Reputation: 5059
I have 4 files and would like to know elements which are non overlapping (per file) compared to the elements in other files.
File A
Vincy
ruby
rome
File B
Vincy
rome
Peter
File C
Vincy
Paul
alex
File D
Vincy
rocky
Willy
Any suggestion for one liner in perl, python, shell, bash. The expected output is:
File A: ruby
, File B: Peter
, File C: Paul
, Alex
File D: rocky
, Willy
.
Upvotes: 2
Views: 198
Reputation: 67900
Perl one-liner, readable version with comments:
perl -nlwe '
$a{$_}++; # count identical lines with hash
push @a, $_; # save lines in array
if (eof) { push @b,[$ARGV,@a]; @a=(); } # at eof save file name and lines
}{ # eskimo operator, executes rest of code at end of input files
for (@b) {
print shift @$_; # print file name
for (@$_) { print if $a{$_} == 1 }; # print unique lines
}
' file{A,B,C,D}.txt
Note: eof
is for each individual input file.
Copy/paste version:
perl -nlwe '$a{$_}++; push @a, $_; if (eof) { push @b,[$ARGV,@a]; @a=(); } }{ for (@b) { print shift @$_; for (@$_) { print if $a{$_} == 1 } }' file{A,B,C,D}.txt
Output:
filea.txt
ruby
fileb.txt
Peter
filec.txt
Paul
alex
filed.txt
rocky
Willy
Notes: This was trickier than expected, and I'm sure there's a way to make it prettier, but I'll post this for now and see if I can clean it up.
Upvotes: 1
Reputation: 5222
Edit after question clarified: Unique elements across all files, and the file in which it occurs:
cat File_A File_B File_C File_D |sort | uniq -u | while read line ; do file=`grep -l $line File*` ; echo "$file $line" ; done
Edit:
perly way of doing it, will be faster if the files are large:
#!/usr/bin/perl
use strict;
use autodie;
my $wordHash ;
foreach my $arg(@ARGV){
open(my $fh, "<", $arg);
while(<$fh>){
chomp;
$wordHash->{$_}->[0] ++;
push(@{$wordHash->{$_}->[1]}, $arg);
}
}
for my $word ( keys %$wordHash ){
if($wordHash->{$word}->[0] eq 1){
print $wordHash->{$_}->[1]->[0] . ": $word\n"
}
}
execute as: myscript.pl filea fileb filec ... filezz
stuff from before clarification: Easy enough with shell commands. Non repeating elements across all files
cat File_A File_B File_C File_D |sort | uniq -u
Unique elements across all files
cat File_A File_B File_C File_D |sort | uniq
Unique elements per file (edit thanks to @Dennis Williamson)

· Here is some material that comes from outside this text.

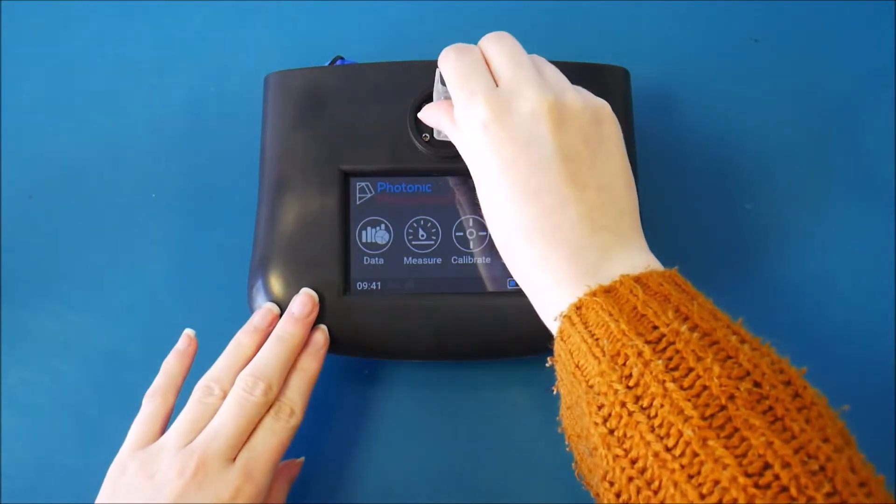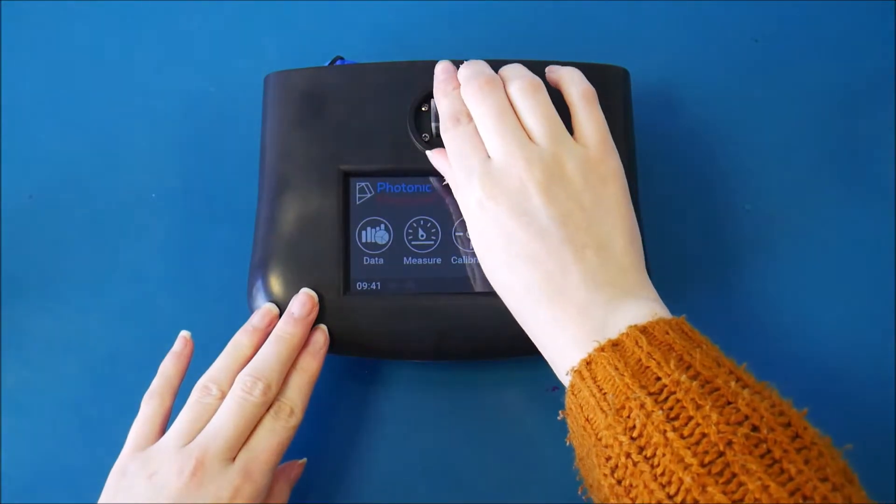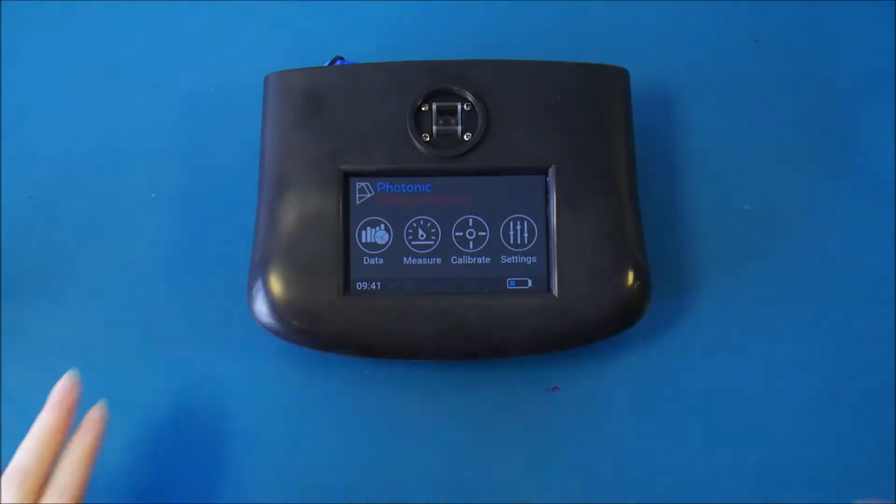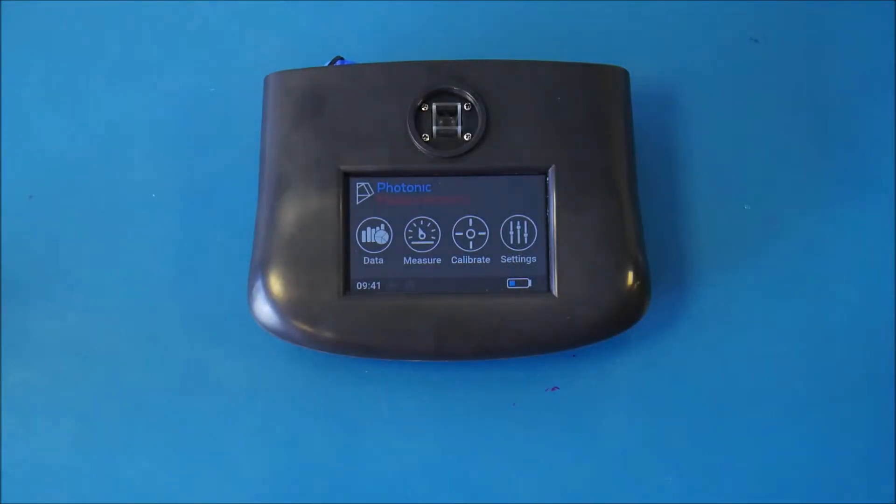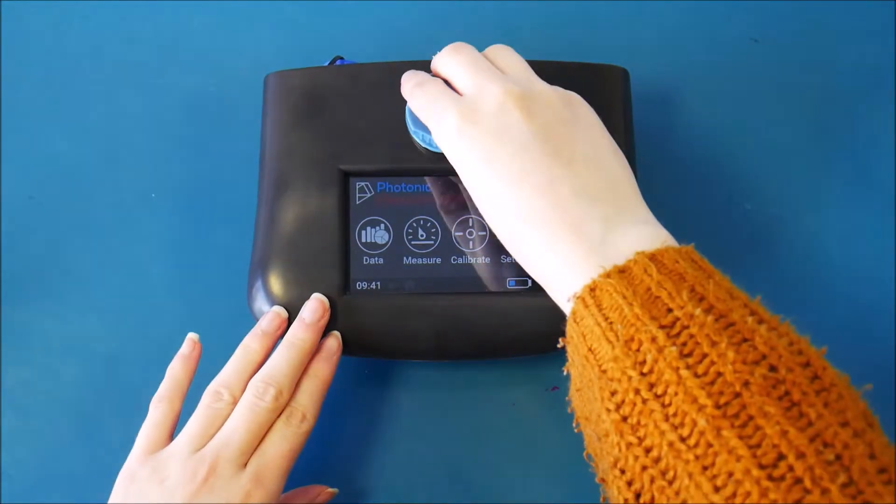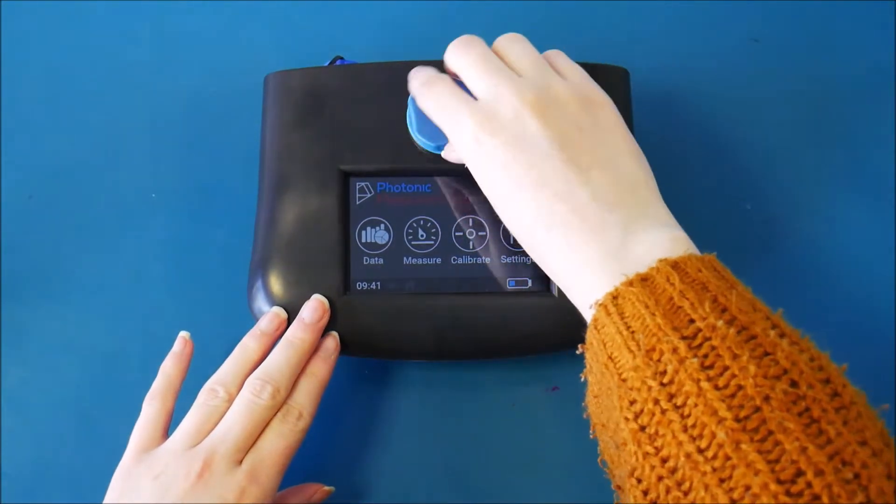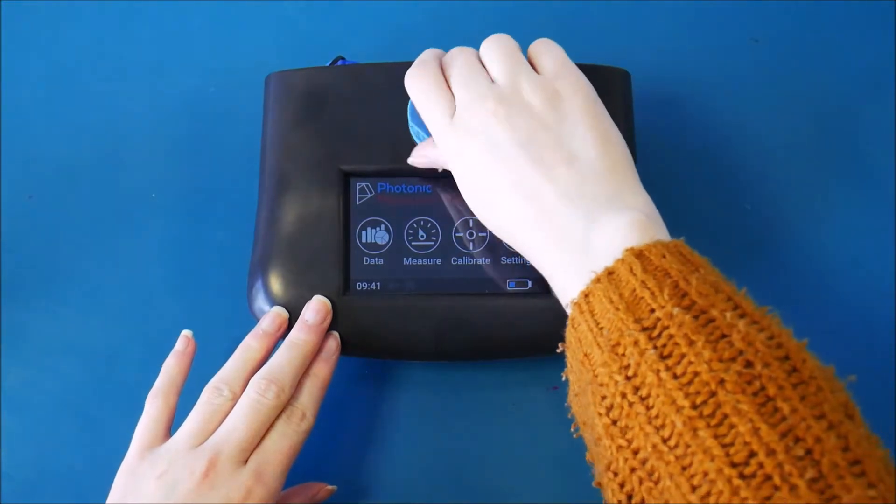Then place into the GO, ensuring clear sides are facing the light path. Place cap back on and press to measure. It's that simple.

for line in File* ; do echo "working on $line" ; sort $line | uniq ; done
Upvotes: 10
Reputation: 88128
Here is a quick python script that will do what you ask over an arbitrary number of files:
from sys import argv
from collections import defaultdict
filenames = argv[1:]
X = defaultdict(list)
for f in filenames:
with open(f,'r') as FIN:
for word in FIN:
X[word.strip()].append(f)
for word in X:
if len(X[word])==1:
print "Filename: %s word: %s" % (X[word][0], word)
This gives:
Filename: D word: Willy
Filename: C word: alex
Filename: D word: rocky
Filename: C word: Paul
Filename: B word: Peter
Filename: A word: ruby
Upvotes: 4
Reputation: 59426
Hot needle:
import sys
inputs = {}
for inputFileName in sys.args[1:]:
with open(inputFileName, 'r') as inputFile:
inputs[inputFileName] = set([ line.strip() for line in inputFile ])
for inputFileName, inputSet in inputs.iteritems():
print inputFileName
result = inputSet
for otherInputFileName, otherInputSet in inputs.iteritems():
if otherInputFileName != inputFileName:
result -= otherInputSet
print result
Didn't try it though ;-)
Upvotes: 1